During last year's first-degree murder trial of James David Junior Charlie for the January 2012 murder of Fribjon Bjornson, jurors were shown pictures of Bjornson's severed head while a pathologist explained what he was able to deduce from examining the head (and what he wasn't, including the precise cause of death, including whether Bjornson was already dead before he was decapitated).

Nielsen only reported on the pathologist's findings when it was mentioned in closing statements at the end of the trial. He intentionally didn't sit through the pathologist's testimony, both for his own sake but also because a graphic written description of the photographs simply doesn't meet a journalistic test of what's in the public interest, which has far more to do with whether the law is being followed and justice is being served, than with the gruesome details.

Some of those details still matter because reporting them explains the legal case being presented for a conviction of the accused or in their defence.
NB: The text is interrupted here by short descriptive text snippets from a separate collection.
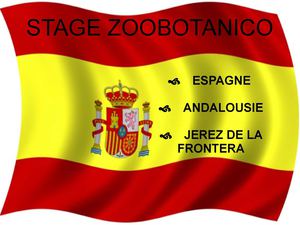 ICSSA - BTS AM - Bilan du stage à l'étranger - Laura Bonnin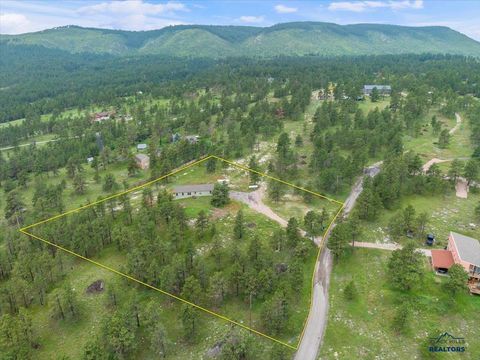 11285 BLUE RIDGE RD Piedmont SD 57769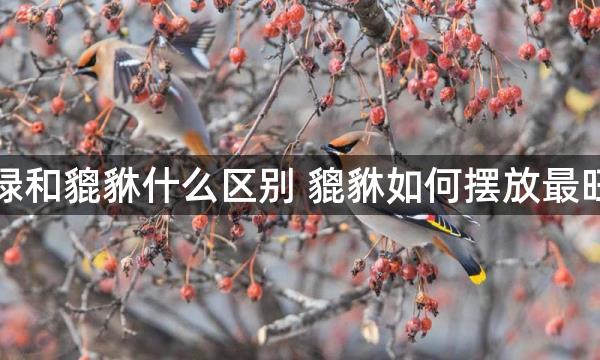 天禄和貔貅什么区别 貔貅如何摆放最旺财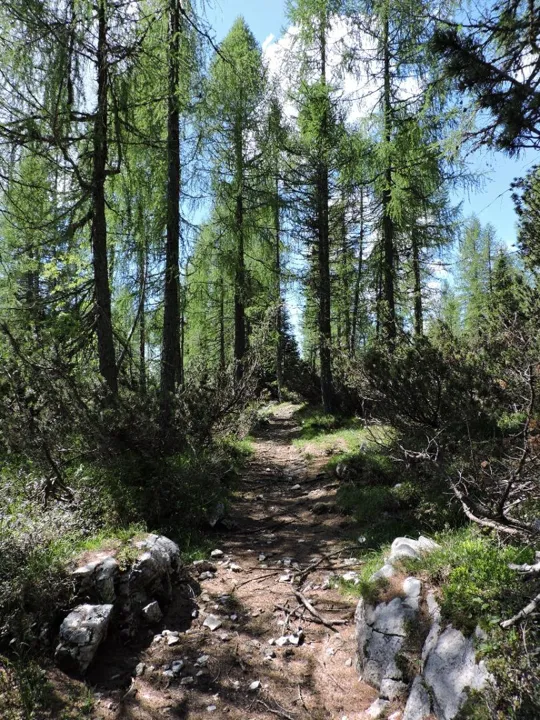 Sentiero non segnato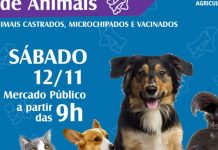 Feira de adoção de animais e vacina contra a raiva acontecem neste sábado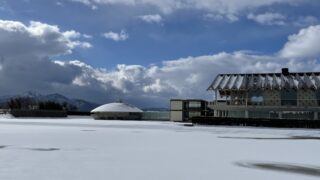 【お客様の声/Customer Feedback】肩まわりを重点的に施術いただき、かなり楽になりました。-The treatment focused on my shoulders, and I felt a lot of relief.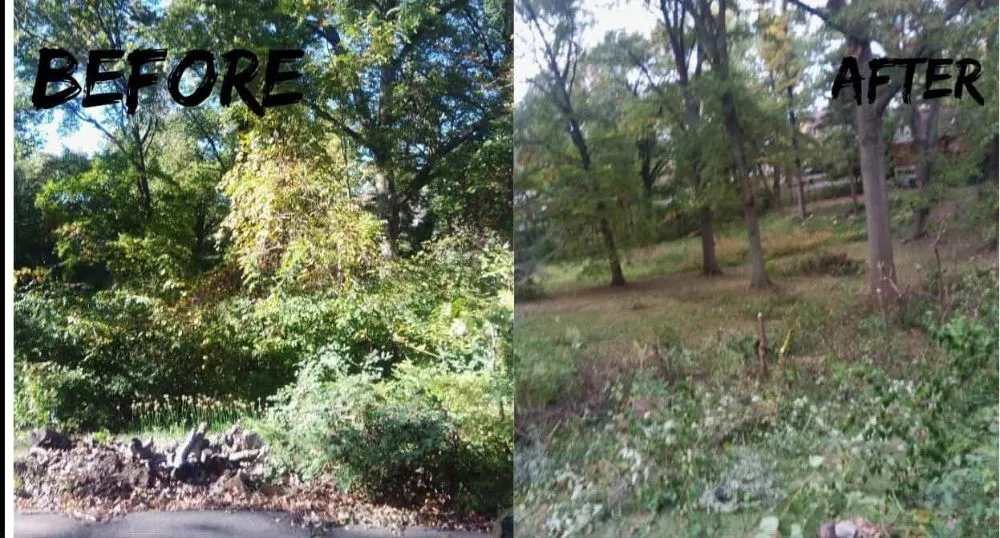 Trusted garden landscaping experts serving Cincinnati, OH - Aboubacar Landscaping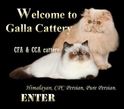 Galla Cattery Logo
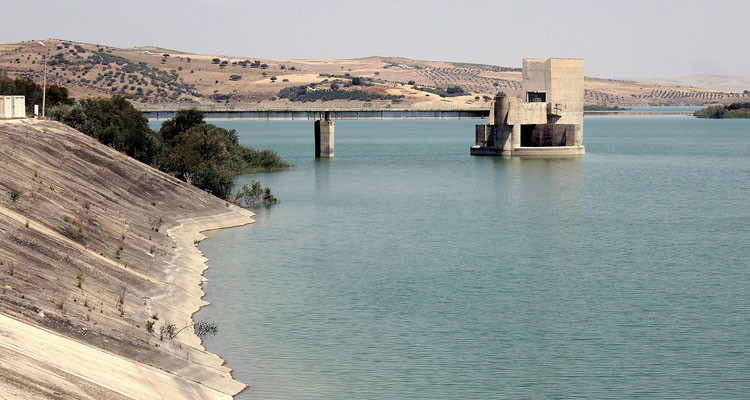 خبيرة في الموارد المائية: الماء الموجود حاليا في السدود لا يغطي حاجيات الصوناد إلى آخر جويلية
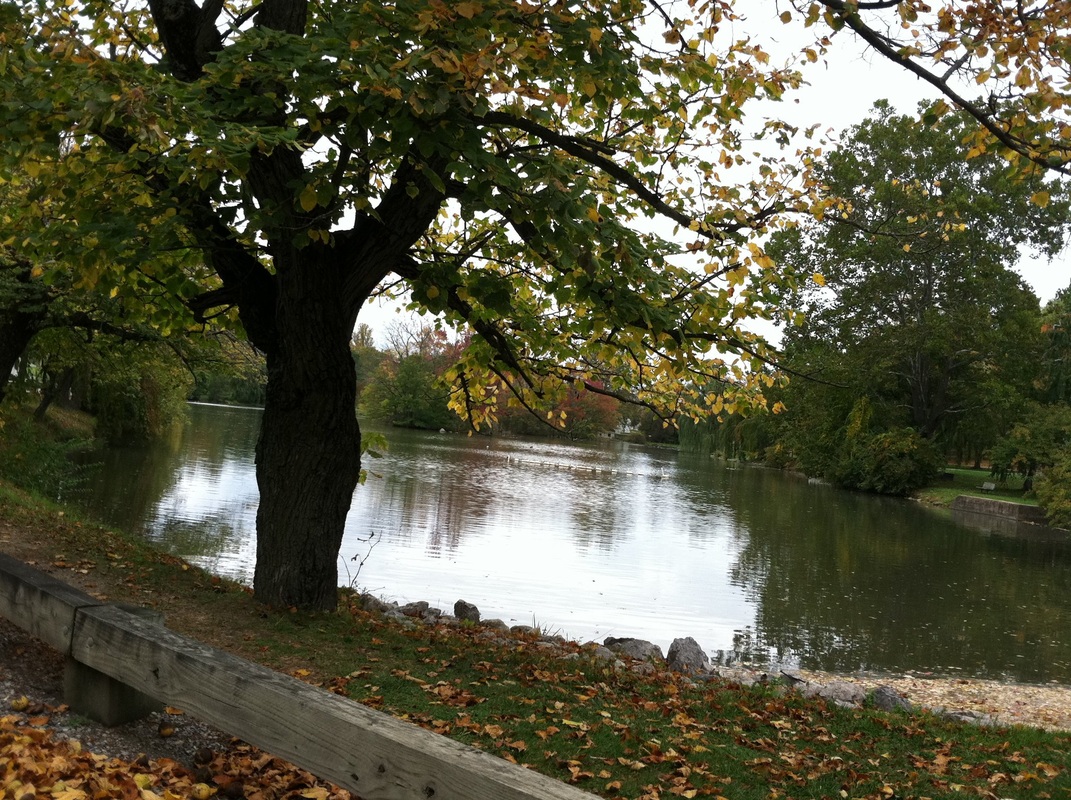 { The Duck Pond + all its beauty. }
Charlie pleaded guilty beforehand to committing an indignity to a human body but his not guilty plea on the first-degree murder charge was based upon the argument that the beheading happened after Bjornson was already dead.

Many readers don't like to see this kind of content in their newspaper or online and complain that The Citizen only reports on it to "sell newspapers" or as online clickbait.

The reality is we don't like to report these cases but we can't shirk our responsibility to show the legal system, a cornerstone of our democracy, in action and to show how accused individuals are either being held accountable for their crimes or being set free because an inadequate level of evidence was presented.

Jury trials are particularly important to report to the community because those 12 randomly selected individuals are sitting there on behalf of all of us and they do not have the option of looking away, plugging their ears or turning the page in search of the crosswords or the comics.

Jurors don't receive nearly the thanks they deserve from the community for their noble service and, up until last week, didn't get the support they may require after fulfilling their democratic duty during a difficult trial. The appreciation still won't be there but at least now jurors will get the help they need when they can't unsee or unhear what they're forced to examine inside the courtroom.